RAW DATA Start Marker

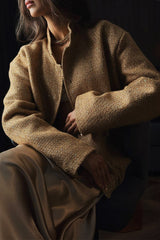 Metallic Sequined Stand Collar Coat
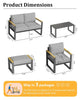 2Pcs Aluminum Patio Armchairs Set Thick Cushion Outdoor Garden Sofa Chairs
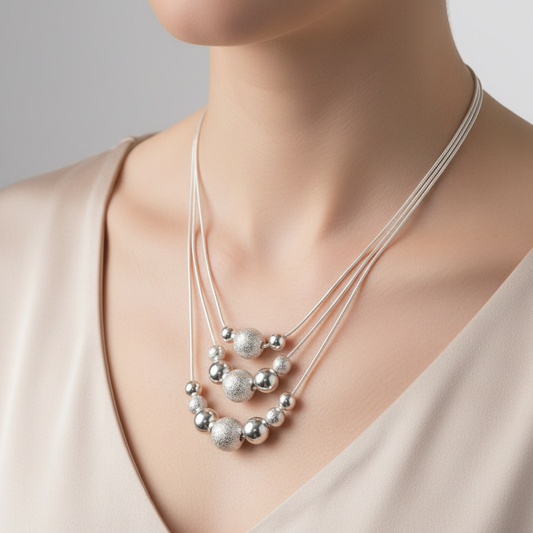 Close-up of Silver Bead Chain Necklace on Caucasian model's collarbone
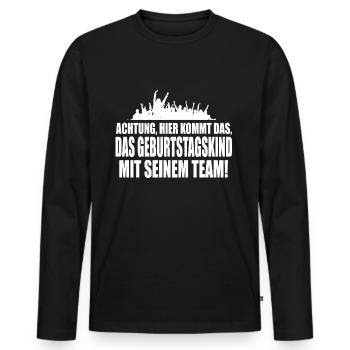 anniversaire - T-shirt manches longues Premium bio Homme - noir - Devant - Nico (187cm)
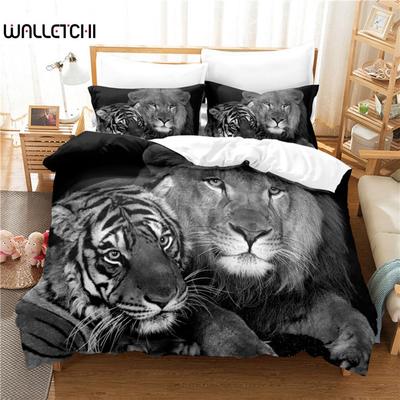 Sada povlečení Tiger Sada povlaků na přikrývku 3D povlečení Digitální tisk Ložní prádlo Sada povlečení Queen Size Módní design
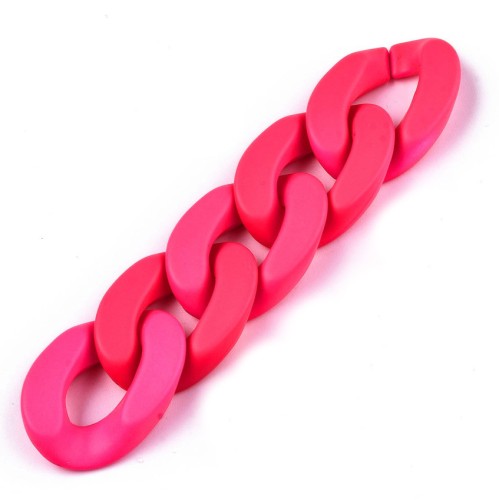 Maglia acrilica ovale ritorta 30x21 mm - Rosa opaca x1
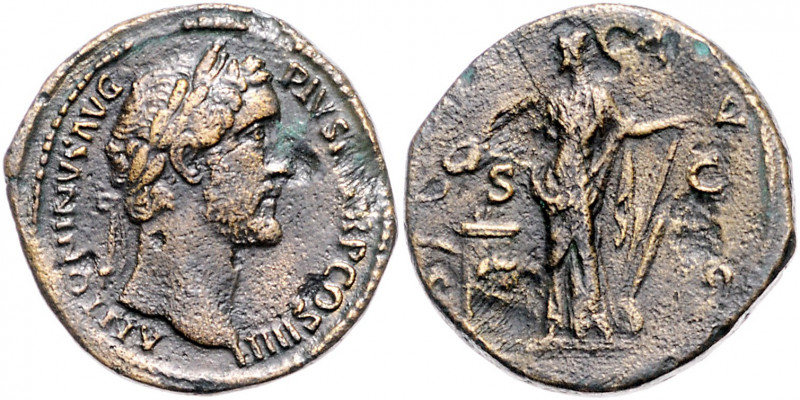 RÖMISCHES REICH, Antoninus Pius, 138-161, AE Sesterz COS IIII =145-161, Rom. Bel...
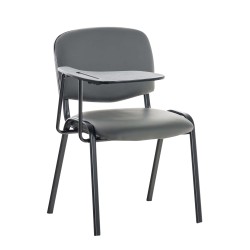 Silla Ken con mesa plegable, polipiel gris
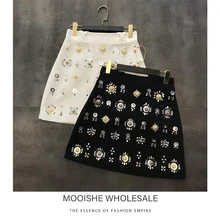 Новинка, Зимняя юбка, ароматные цветы, стразы, бисер, пайетки, платье, юбки, посылка, юбка на бедрах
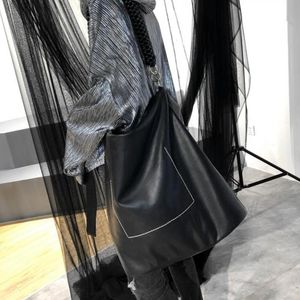 Celebrity Black Women Large Capacity Soft PU Leather Handbag 2022 Fashion Desinger Female Handbags Big Shoulder Purses TotesTotes Totes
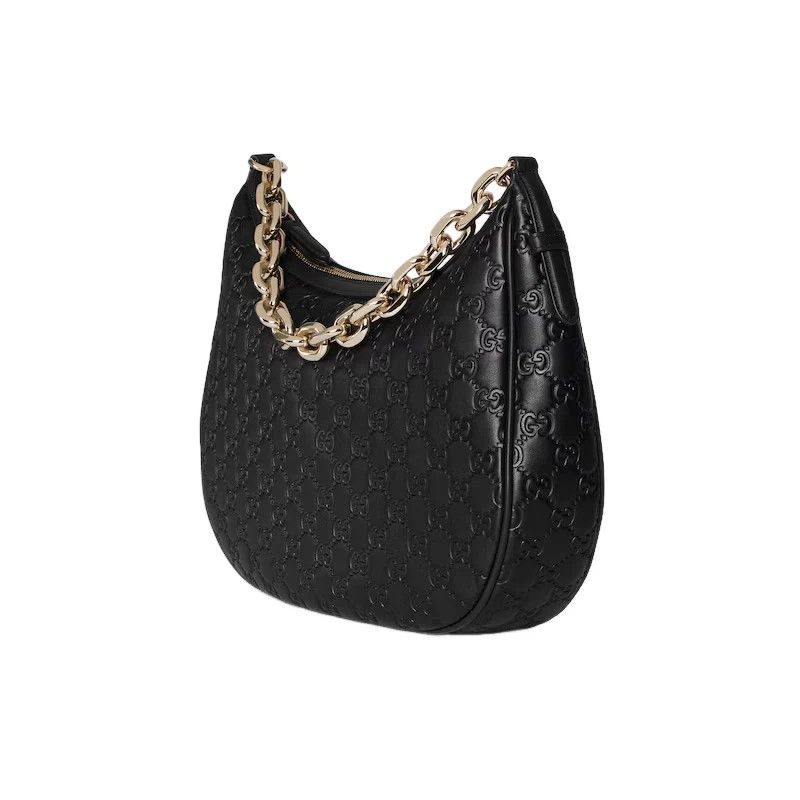 Gucci GUCCI Emblem Large Black GG Leather Shoulder Bag Size ONE SIZE - 3 Thumbnail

RAW DATA End Marker

● **WORK ITEM**
I'd like the entries above repeated exactly, but without any of their pictures.

● **ANSWER FOR THIS EXERCISE**
 Metallic Sequined Stand Collar Coat
 2Pcs Aluminum Patio Armchairs Set Thick Cushion Outdoor Garden Sofa Chairs
 Close-up of Silver Bead Chain Necklace on Caucasian model's collarbone
 anniversaire - T-shirt manches longues Premium bio Homme - noir - Devant - Nico (187cm)
 Sada povlečení Tiger Sada povlaků na přikrývku 3D povlečení Digitální tisk Ložní prádlo Sada povlečení Queen Size Módní design
 Maglia acrilica ovale ritorta 30x21 mm - Rosa opaca x1
 RÖMISCHES REICH, Antoninus Pius, 138-161, AE Sesterz COS IIII =145-161, Rom. Bel...
 Silla Ken con mesa plegable, polipiel gris
 Новинка, Зимняя юбка, ароматные цветы, стразы, бисер, пайетки, платье, юбки, посылка, юбка на бедрах
 Celebrity Black Women Large Capacity Soft PU Leather Handbag 2022 Fashion Desinger Female Handbags Big Shoulder Purses TotesTotes Totes
 Gucci GUCCI Emblem Large Black GG Leather Shoulder Bag Size ONE SIZE - 3 Thumbnail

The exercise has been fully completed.